┌─ Data supplied

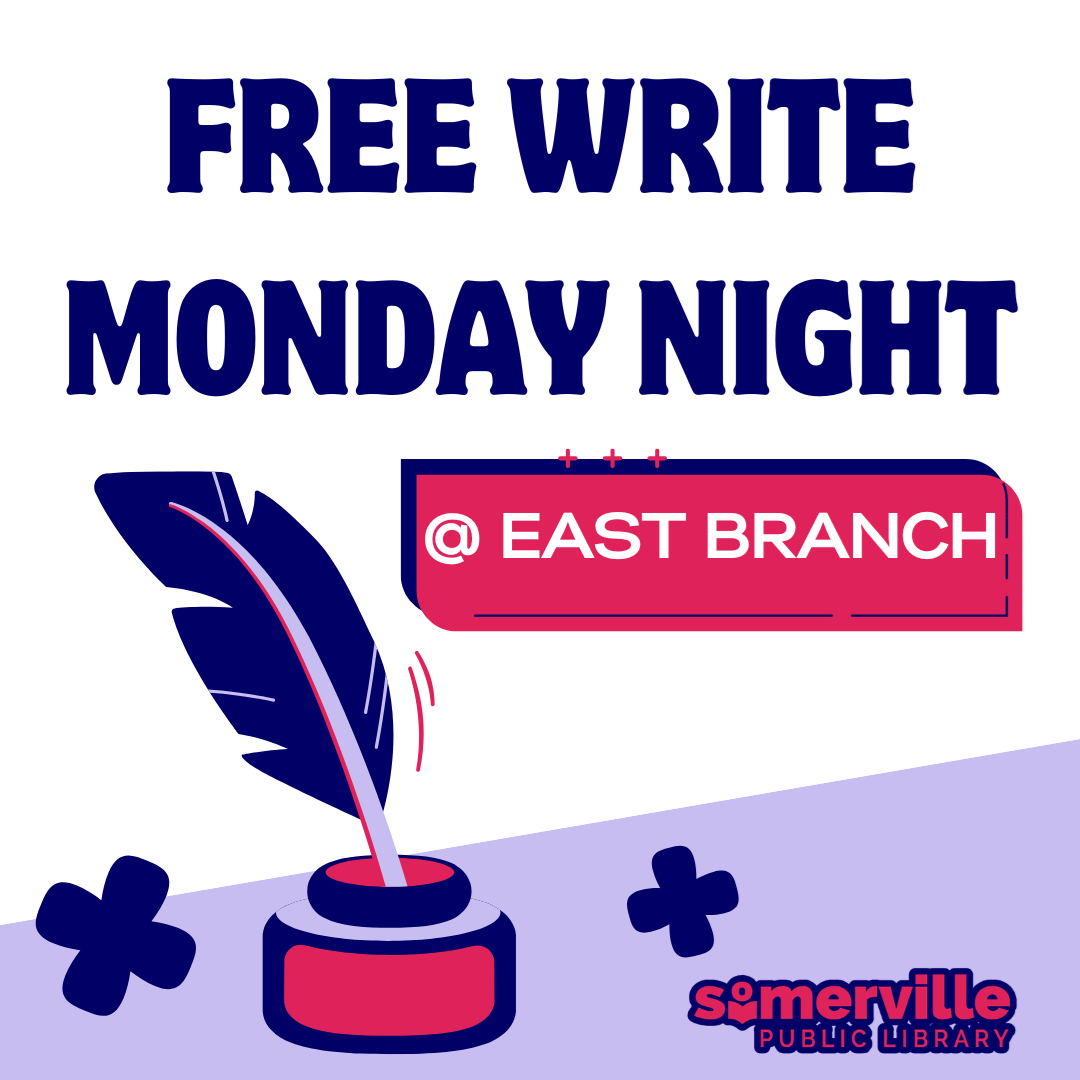A vibrant purple quil in an inkpot, with text reading "free write monday night at east branch" and with link to a detailed calendar listing (opens in new tab).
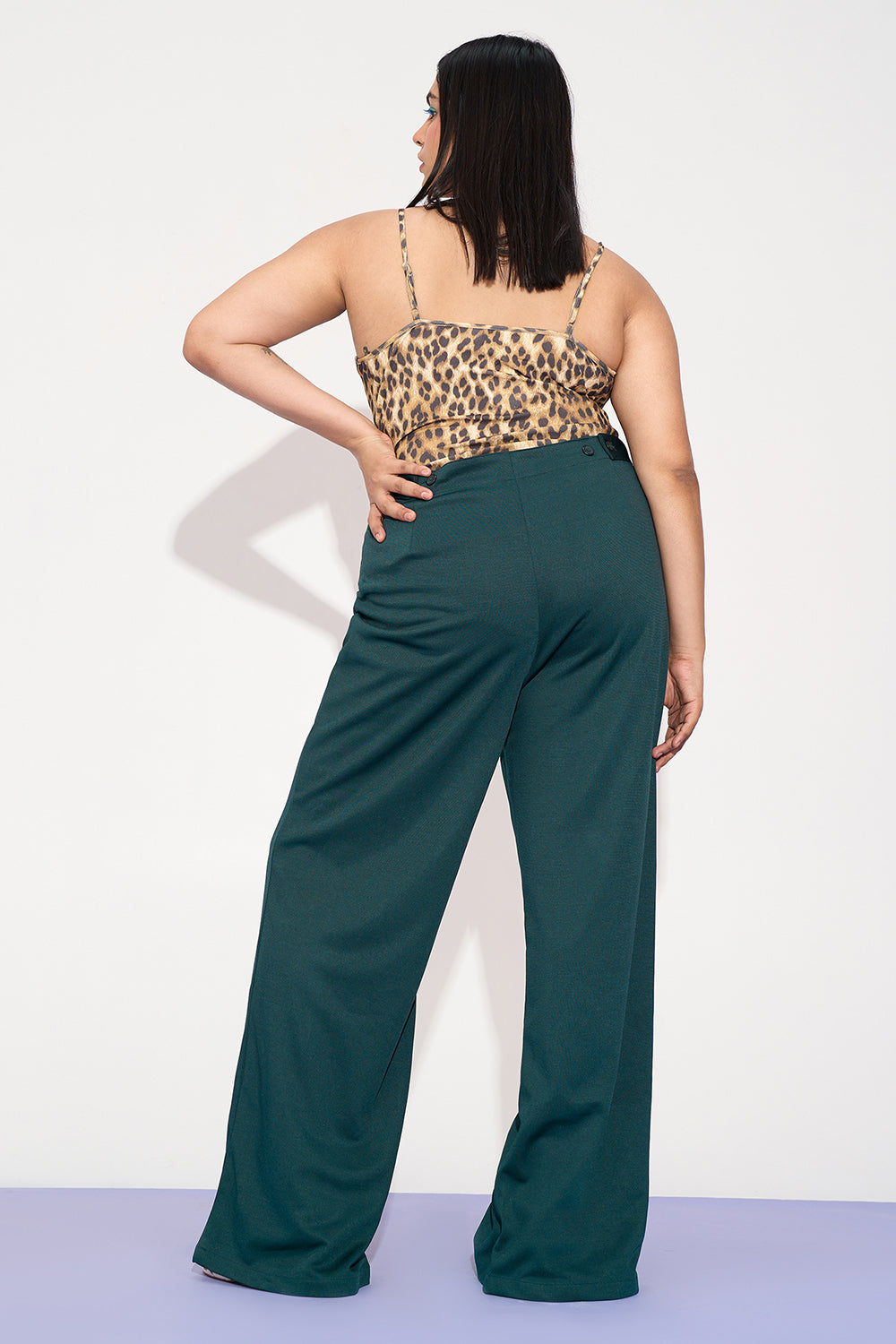 Soft Moss Curve Adjustable Korean Pants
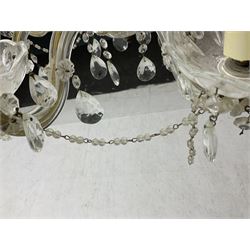 Victorian style glass eight branch chandelier, with drip trays, brass tone support, and drops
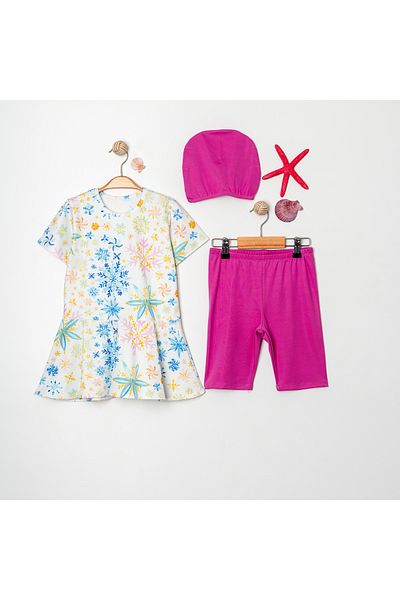 Harika KIDS Girl's Crew Neck Skirted Swimsuit and Leggings Bonnet Included.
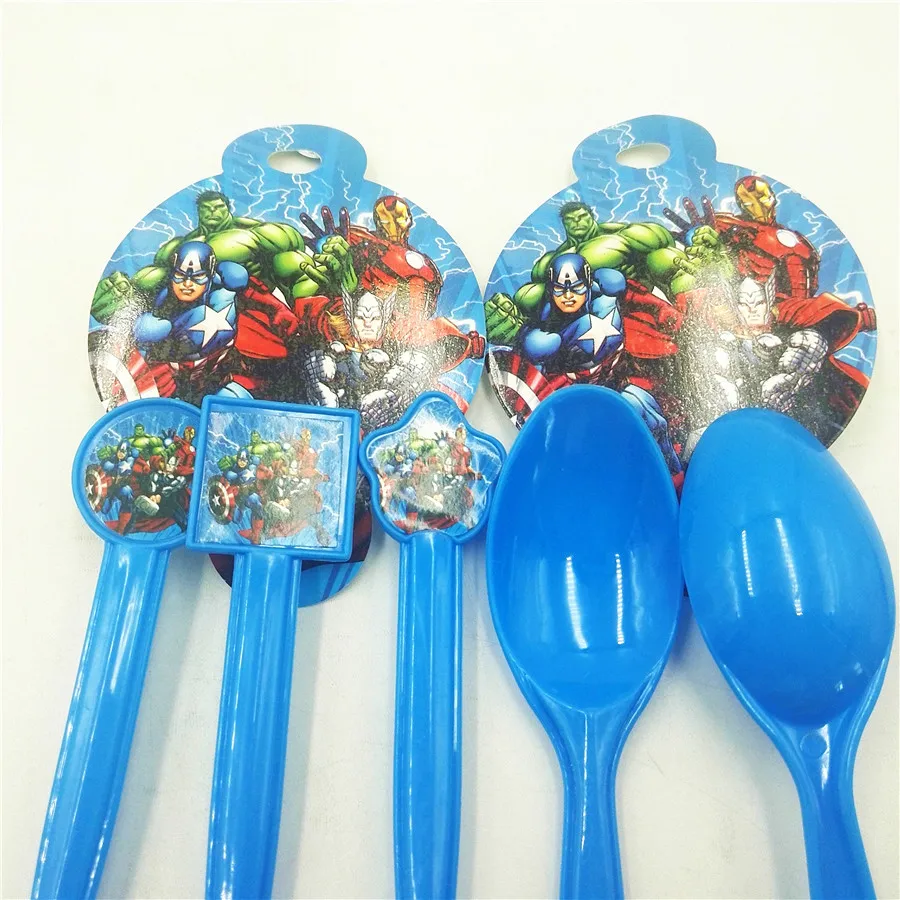10 шт. пластиковые ложки Мстители вечерние принадлежности мультяшная тема день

└─

* **Task instructions**
No pictures, please. Output the listing above exactly as it stands.

* **Response to this exercise**
A vibrant purple quil in an inkpot, with text reading "free write monday night at east branch" and with link to a detailed calendar listing (opens in new tab).
 Soft Moss Curve Adjustable Korean Pants
 Victorian style glass eight branch chandelier, with drip trays, brass tone support, and drops
 Harika KIDS Girl's Crew Neck Skirted Swimsuit and Leggings Bonnet Included.
10 шт. пластиковые ложки Мстители вечерние принадлежности мультяшная тема день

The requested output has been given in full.